• EXERCISE:
Having found the line containing "this 1252×750 image." in the records below, copy that line and each later one exactly, dropping pictures.

• RECORDS FOR PROCESSING:
>>
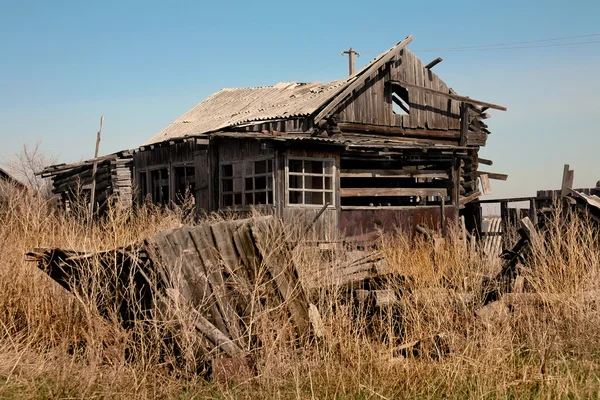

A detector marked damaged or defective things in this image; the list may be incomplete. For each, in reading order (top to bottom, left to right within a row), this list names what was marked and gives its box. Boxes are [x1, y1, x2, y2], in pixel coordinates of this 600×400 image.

rusty metal roofing [146, 80, 350, 145]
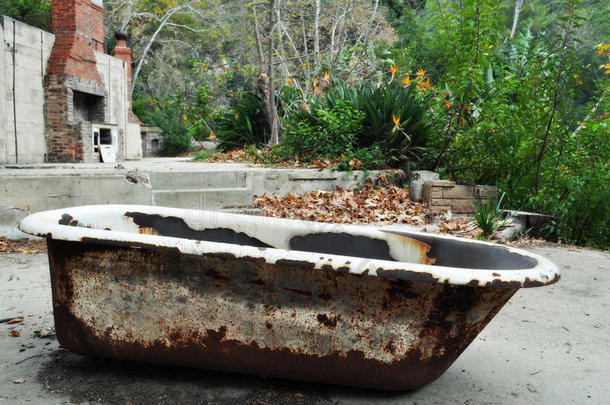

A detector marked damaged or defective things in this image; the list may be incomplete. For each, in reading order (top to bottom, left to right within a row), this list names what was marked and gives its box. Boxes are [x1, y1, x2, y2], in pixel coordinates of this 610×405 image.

rusty bathtub [19, 204, 560, 390]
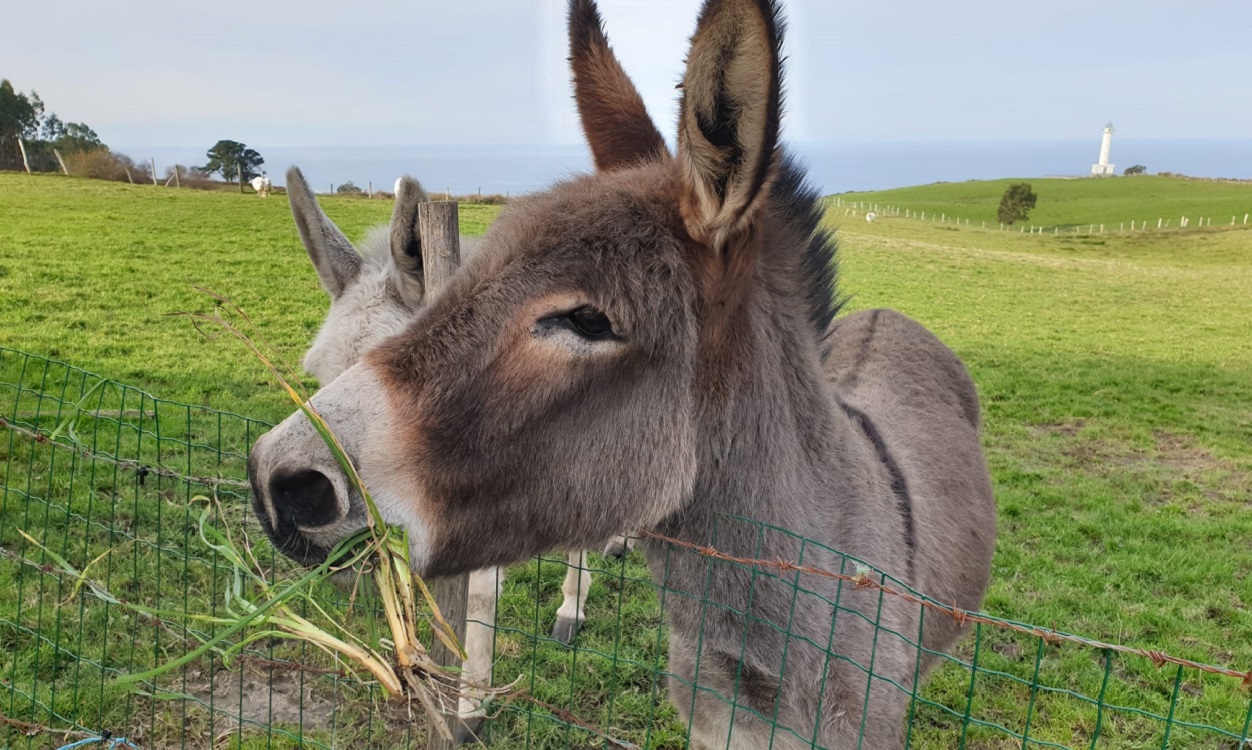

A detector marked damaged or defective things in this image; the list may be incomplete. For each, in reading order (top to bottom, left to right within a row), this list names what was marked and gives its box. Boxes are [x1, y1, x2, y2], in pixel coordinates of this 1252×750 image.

rusty barbed wire [646, 528, 1252, 691]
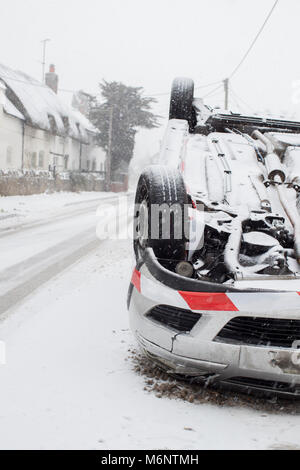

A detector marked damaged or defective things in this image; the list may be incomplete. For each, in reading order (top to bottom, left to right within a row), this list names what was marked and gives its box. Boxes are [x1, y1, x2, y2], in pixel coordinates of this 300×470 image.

overturned vehicle [127, 77, 300, 396]
damaged bumper [128, 250, 300, 396]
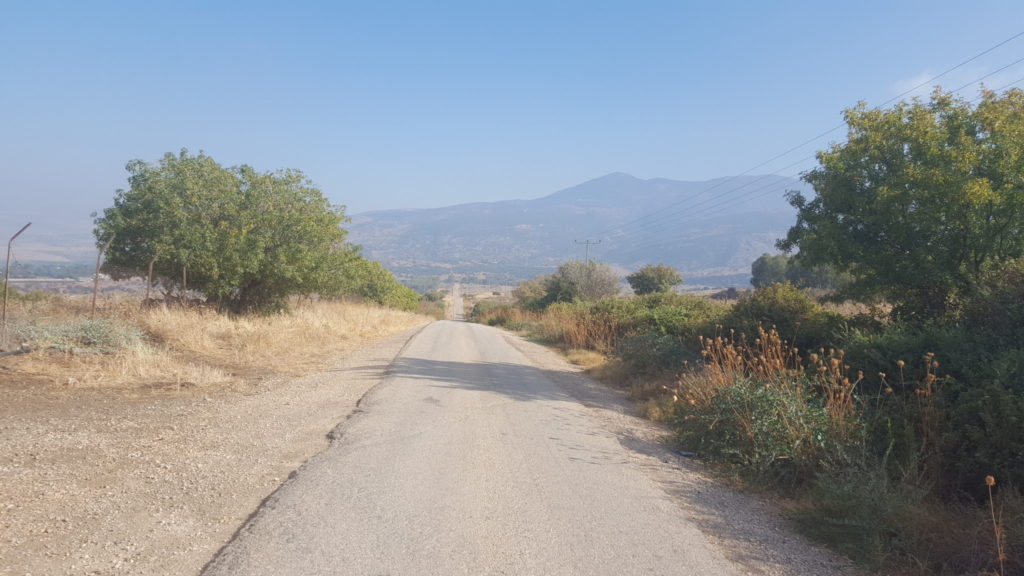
<<
• RESPONSE:
A detector marked damaged or defective things in this image; the list may be incomplete. For each, in reading order (top to bottom, left to right within a row), this list names what was marked and gives its box. Boxes are [x1, y1, x2, y2], in pixel coordinates of this 1252×750 image.

rusty barbed wire [646, 528, 1252, 691]

A detector marked damaged or defective things in this image; the list may be incomplete. For each, in reading order (top to bottom, left to right within a row), this list names what was marked and gives its box. Boxes are [x1, y1, x2, y2], in pixel coordinates of this 300×470 image.

overturned vehicle [127, 77, 300, 396]
damaged bumper [128, 250, 300, 396]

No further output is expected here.